Considerations: Open SWE is great for complex, longer running tasks. But for small one-liner bug fixes or simple style updates, this architecture is not optimal. For tasks like these, you want the agent to be able to skip the planning and reviewing stages, and jump right into execution. We’re currently working on implementing a version of Open SWE which does just this. It runs locally via a CLI, and is more agentic, allowing it to choose whether or not it needs to plan or review its code. When this is done, Open SWE will be a true one-stop-shop for all engineering tasks, for anything from simple one-line style fixes, all the way to complete product implementation from scratch.

How It Works: The Agent Architecture

Open SWE operates using three specialized LangGraph agents that work in sequence: a Manager, a Planner, and a Programmer (which contains a sub-agent Reviewer).

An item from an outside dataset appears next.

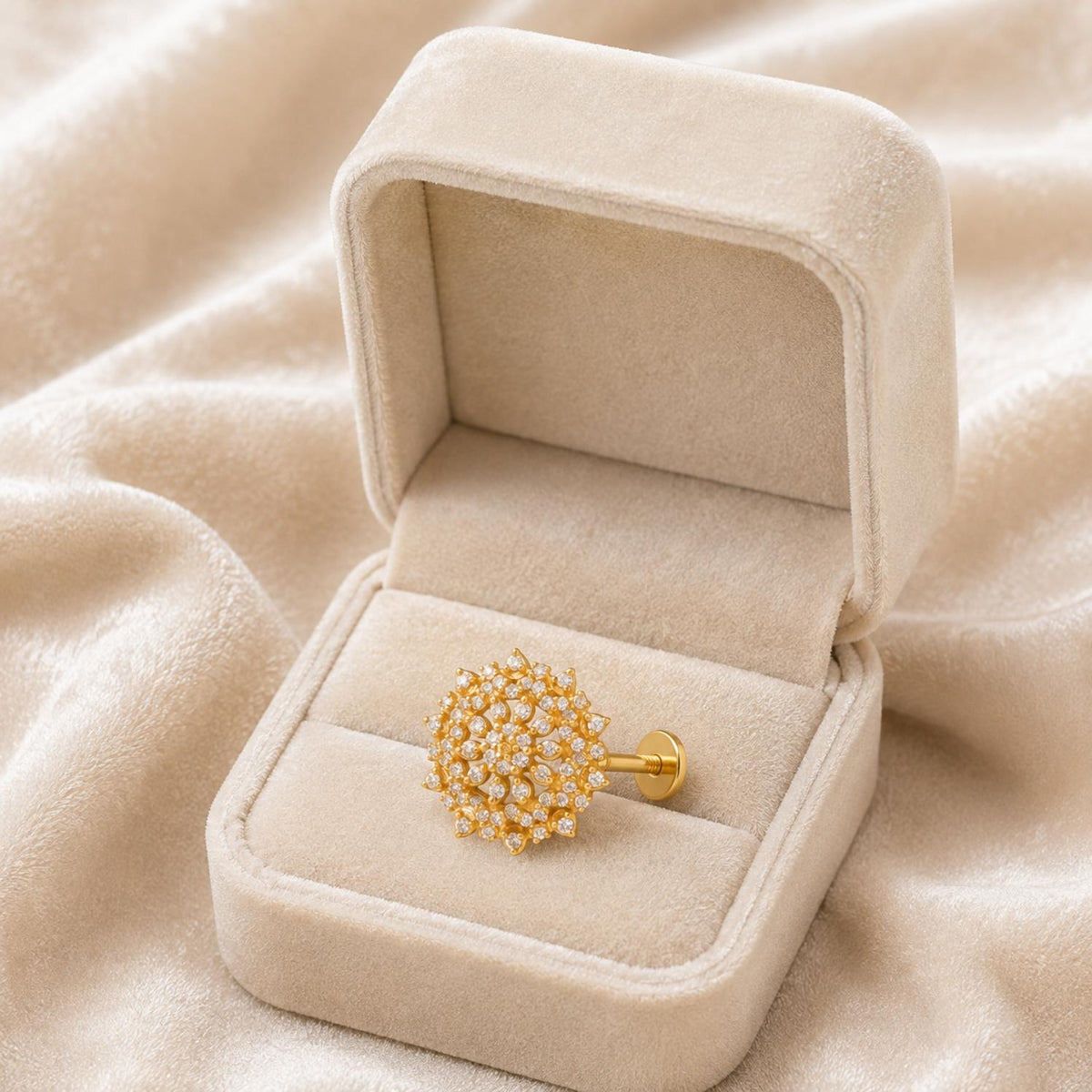 White CZ Mandala Cluster Floral Nose Pin – Sterling Silver Gold Plated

  1. Manager: This graph is the entry point. It handles user interactions and routes tasks. When you create a task, it initializes the state and passes control to the Planner.
  2. Planner: Before a single line of code is written, the Planner analyzes the request, researches the codebase by viewing files and running searches, and creates a detailed, step-by-step execution plan. By default, this requires a manual review step where you can edit, approve, or provide feedback on the proposed plan. If you’re feeling bold, however, you can skip this step.
  3. Programmer & Reviewer: Once a plan is approved, the Programmer executes each step in the sandbox. This includes writing code, running tests, and searching the web for documentation. When the Programmer completes its tasks, it hands off to the Reviewer, which analyzes the generated code for quality, correctness, and completeness. If issues are found, it sends the task back to the Programmer with feedback for another iteration. This action-review loop continues until the code is perfect.

Once the Reviewer approves the work, Open SWE generates a final conclusion, opens a pull request, and marks the task as complete.

Tech We Used: LangGraph and LangGraph Platform

Open SWE is built on LangGraph, which allows us to have more control over each step in the workflow. Open SWE operates through four agents, each with their own state and unique inputs/outputs. By using LangGraph, we’re able to easily orchestrate calling all of the agents, managing their state at any point in time, and handling edge error cases. In addition to the LangGraph framework, Open SWE is deployed on LangGraph Platform (LGP). LGP is purpose built for long running agents (these agents can sometimes run for an hour at a time), comes with built in persistence (powering our human-in-the-loop features) and autoscales (so that we can kick of hundreds of agent runs if necessary).

Refined with LangSmith

Open SWE is a complex multi-agent system. The main challenge in getting this system to be useful was making sure that the results it produced were accurate enough. The biggest challenge with this was context engineering. Did it have the correct instructions on how to use the tools? Was it fetching the right context? If we changed those instructions, how would the performance change? In order to first debug context engineering, and then later to evaluate changes to context engineering, we used LangSmith - the leading AI observability and evaluation platform.

Open Source and Extensible

We built Open SWE to be a powerful tool out of the box, but we're most excited about its potential as a foundation for the community. The entire project is open source, built on LangGraph, and designed to be extended.

You can fork the repository, customize the prompts, add new tools for your internal APIs, or modify the agent's core logic to fit your team's specific needs. Our developer documentation provides a detailed guide for setting up and deploying your own version.

We believe the future of software development will be collaborative between humans and agents. Open SWE is our first big step in building that future in the open.